BenchmarkXPRT Blog banner

Category: Benchmarking

News about WebXPRT and BatteryXPRT

Last month, we gave readers a glimpse of the updates in store for the next WebXPRT, and now we have more news to report on that front.

The new version of WebXPRT will be called WebXPRT 3. WebXPRT 3 will retain the convenient features that made WebXPRT 2013 and WebXPRT 2015 our most popular tools, with more than 200,000 combined runs to date. We’ve added new elements, including AI, to a few of the workloads, but the test will still run in 15 minutes or less in most browsers and produce the same easy-to-understand results that help compare browsing performance across a wide variety of devices.

We’re also very close to publishing the WebXPRT 3 Community Preview.
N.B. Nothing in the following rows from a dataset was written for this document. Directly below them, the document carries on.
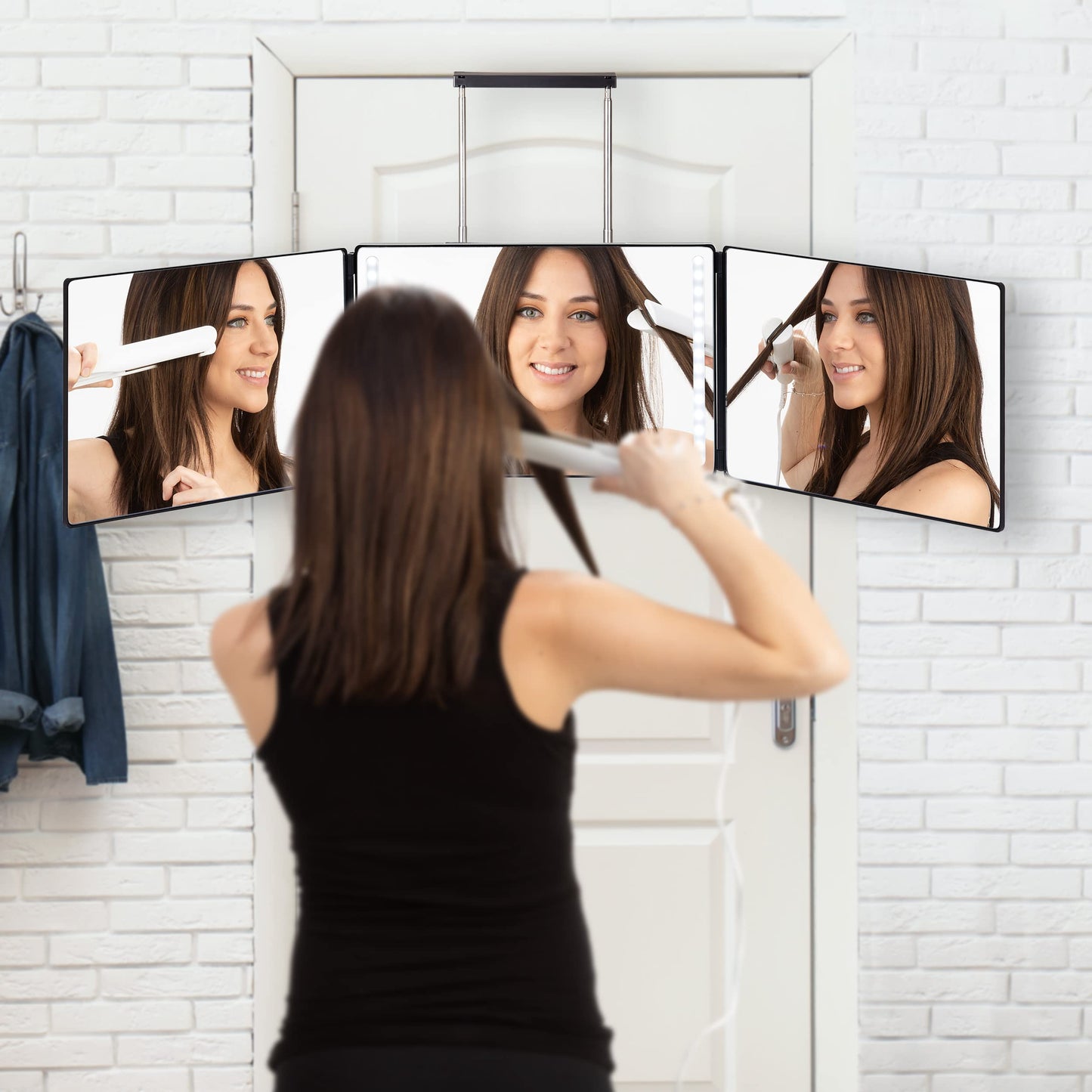 Bluelilly Co. 3 Way Mirror, Three Way Mirror for Braiding Hair & Hair Styling, LED Mirror, 360 View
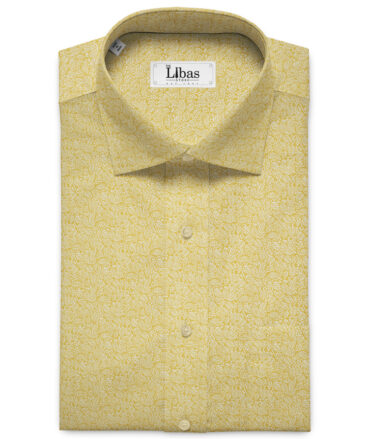 Burgoyne Men's Irish Linen 60 LEA Printed 2.25 Meter Unstitched Shirting Fabric (Yellow & White)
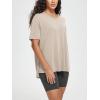 imageODODOS Womens Split Hem Oversize Short Sleeve Shirts Modal Soft V Neck Tee Casual Lounge Yoga TopsAbalone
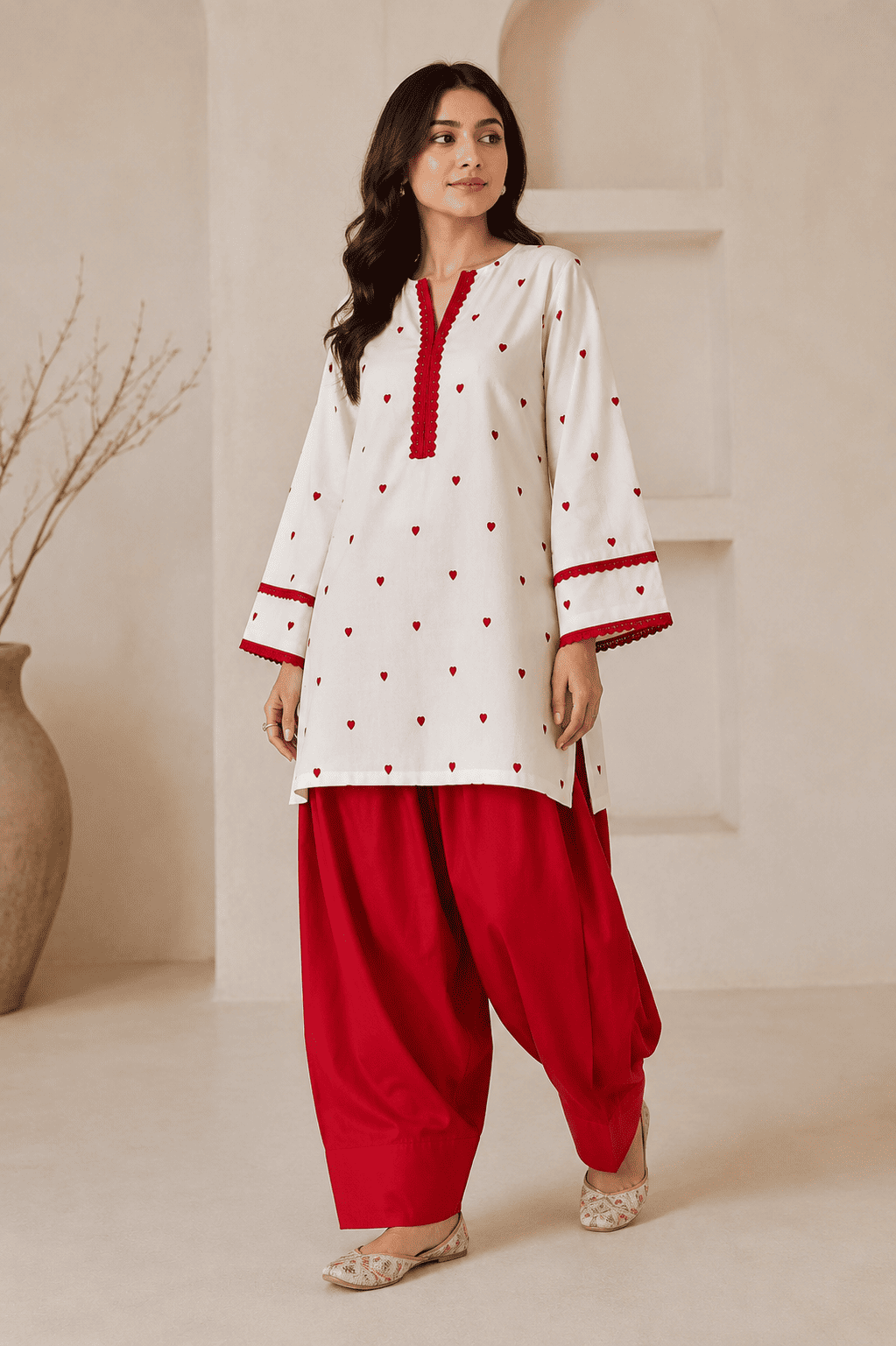 Red heart kurta with farshi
For those unfamiliar with our open development community model, BenchmarkXPRT Development Community members have the ability to preview and test new benchmark tools before we release them to the general public. Community previews are a great way for members to evaluate new XPRTs and send us feedback. If you’re interested in joining, you can register here.

In BatteryXPRT news, we recently started to see unusual battery life estimates and high variance when running battery life tests at the default length of 5.25 hours. We think this may be due to changes in how new OS versions are reporting battery life on certain devices, but we’re in the process of extensive testing to learn more. In the meantime, we recommend that BatteryXPRT users adjust the test run time to allow for a full rundown.

Do you have questions or comments about WebXPRT or BatteryXPRT? Let us know!

Justin

How to submit results for the WebXPRT Processor Comparison Chart

The WebXPRT 2015 Processor Comparison Chart is in its second month, and we’re excited to see that people are browsing the scores. We’re also starting to receive more WebXPRT score submissions for publication, so we thought it would be a good time to describe how that process works.

Unlike sites that publish any results they receive, we hand-select results from internal lab testing, end-of-test user submissions, and reliable tech media sources. In each case, we evaluate whether the score is consistent with general expectations. For sources outside of our lab, that evaluation includes checking to see whether there is enough detailed system information to get a sense of whether the score makes sense. We do this for every score on the WebXPRT results page and the general XPRT results page.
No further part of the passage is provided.